Transcribe exactly the lines from the one containing "Loft Bed With" through the end of the entries, including both the first and the last, and nothing else.

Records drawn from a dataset
_ _ _ _ _
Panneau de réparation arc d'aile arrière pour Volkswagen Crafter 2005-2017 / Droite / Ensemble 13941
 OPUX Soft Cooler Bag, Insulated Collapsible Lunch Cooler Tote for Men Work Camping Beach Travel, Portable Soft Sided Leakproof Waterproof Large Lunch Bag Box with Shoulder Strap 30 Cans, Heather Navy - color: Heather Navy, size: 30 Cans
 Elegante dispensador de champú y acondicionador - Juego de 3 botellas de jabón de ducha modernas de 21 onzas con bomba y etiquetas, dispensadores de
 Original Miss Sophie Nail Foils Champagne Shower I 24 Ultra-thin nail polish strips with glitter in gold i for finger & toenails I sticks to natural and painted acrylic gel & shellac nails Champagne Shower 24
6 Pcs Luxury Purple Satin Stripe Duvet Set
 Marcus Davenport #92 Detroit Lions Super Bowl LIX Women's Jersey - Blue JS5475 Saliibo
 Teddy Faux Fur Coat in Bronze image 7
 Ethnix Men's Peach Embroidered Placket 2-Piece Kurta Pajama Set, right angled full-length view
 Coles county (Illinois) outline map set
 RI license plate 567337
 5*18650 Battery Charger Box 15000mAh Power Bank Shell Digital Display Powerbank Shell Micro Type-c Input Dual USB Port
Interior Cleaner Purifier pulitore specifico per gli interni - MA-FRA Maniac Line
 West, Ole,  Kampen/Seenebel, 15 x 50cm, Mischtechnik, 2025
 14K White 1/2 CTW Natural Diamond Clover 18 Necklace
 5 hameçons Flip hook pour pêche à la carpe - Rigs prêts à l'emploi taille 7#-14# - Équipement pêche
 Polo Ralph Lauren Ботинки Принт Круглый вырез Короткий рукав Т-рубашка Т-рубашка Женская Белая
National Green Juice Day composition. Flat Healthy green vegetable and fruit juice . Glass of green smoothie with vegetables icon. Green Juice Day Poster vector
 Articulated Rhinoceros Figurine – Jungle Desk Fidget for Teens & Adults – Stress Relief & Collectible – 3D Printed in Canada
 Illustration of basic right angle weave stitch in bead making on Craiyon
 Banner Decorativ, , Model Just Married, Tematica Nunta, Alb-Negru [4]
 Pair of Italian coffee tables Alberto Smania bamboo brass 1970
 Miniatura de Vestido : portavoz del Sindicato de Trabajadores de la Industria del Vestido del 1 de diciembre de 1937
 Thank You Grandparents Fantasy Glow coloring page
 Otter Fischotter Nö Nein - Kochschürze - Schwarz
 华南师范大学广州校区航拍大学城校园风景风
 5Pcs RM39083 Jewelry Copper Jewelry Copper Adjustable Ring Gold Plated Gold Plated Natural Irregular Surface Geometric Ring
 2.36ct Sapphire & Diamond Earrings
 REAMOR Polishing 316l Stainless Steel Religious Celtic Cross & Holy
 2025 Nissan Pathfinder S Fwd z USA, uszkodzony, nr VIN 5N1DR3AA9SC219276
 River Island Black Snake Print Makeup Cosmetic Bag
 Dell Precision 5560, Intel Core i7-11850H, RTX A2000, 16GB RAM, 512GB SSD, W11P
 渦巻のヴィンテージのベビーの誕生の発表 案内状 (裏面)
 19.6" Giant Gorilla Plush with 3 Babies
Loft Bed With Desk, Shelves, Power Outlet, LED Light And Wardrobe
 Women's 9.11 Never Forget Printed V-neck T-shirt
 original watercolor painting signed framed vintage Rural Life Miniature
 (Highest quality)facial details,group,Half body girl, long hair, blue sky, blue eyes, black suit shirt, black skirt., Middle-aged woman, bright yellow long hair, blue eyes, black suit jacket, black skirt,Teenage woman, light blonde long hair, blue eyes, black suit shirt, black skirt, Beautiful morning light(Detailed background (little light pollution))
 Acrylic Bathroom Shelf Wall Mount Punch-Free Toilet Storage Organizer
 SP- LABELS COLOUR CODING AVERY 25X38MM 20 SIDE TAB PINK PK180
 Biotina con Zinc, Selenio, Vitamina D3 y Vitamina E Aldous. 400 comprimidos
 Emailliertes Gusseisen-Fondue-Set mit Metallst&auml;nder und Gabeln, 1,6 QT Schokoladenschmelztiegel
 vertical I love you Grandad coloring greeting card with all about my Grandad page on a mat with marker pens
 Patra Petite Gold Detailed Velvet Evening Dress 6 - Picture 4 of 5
_ _ _ _ _
* [Response]:
Loft Bed With Desk, Shelves, Power Outlet, LED Light And Wardrobe
 Women's 9.11 Never Forget Printed V-neck T-shirt
 original watercolor painting signed framed vintage Rural Life Miniature
 (Highest quality)facial details,group,Half body girl, long hair, blue sky, blue eyes, black suit shirt, black skirt., Middle-aged woman, bright yellow long hair, blue eyes, black suit jacket, black skirt,Teenage woman, light blonde long hair, blue eyes, black suit shirt, black skirt, Beautiful morning light(Detailed background (little light pollution))
 Acrylic Bathroom Shelf Wall Mount Punch-Free Toilet Storage Organizer
 SP- LABELS COLOUR CODING AVERY 25X38MM 20 SIDE TAB PINK PK180
 Biotina con Zinc, Selenio, Vitamina D3 y Vitamina E Aldous. 400 comprimidos
 Emailliertes Gusseisen-Fondue-Set mit Metallst&auml;nder und Gabeln, 1,6 QT Schokoladenschmelztiegel
 vertical I love you Grandad coloring greeting card with all about my Grandad page on a mat with marker pens
 Patra Petite Gold Detailed Velvet Evening Dress 6 - Picture 4 of 5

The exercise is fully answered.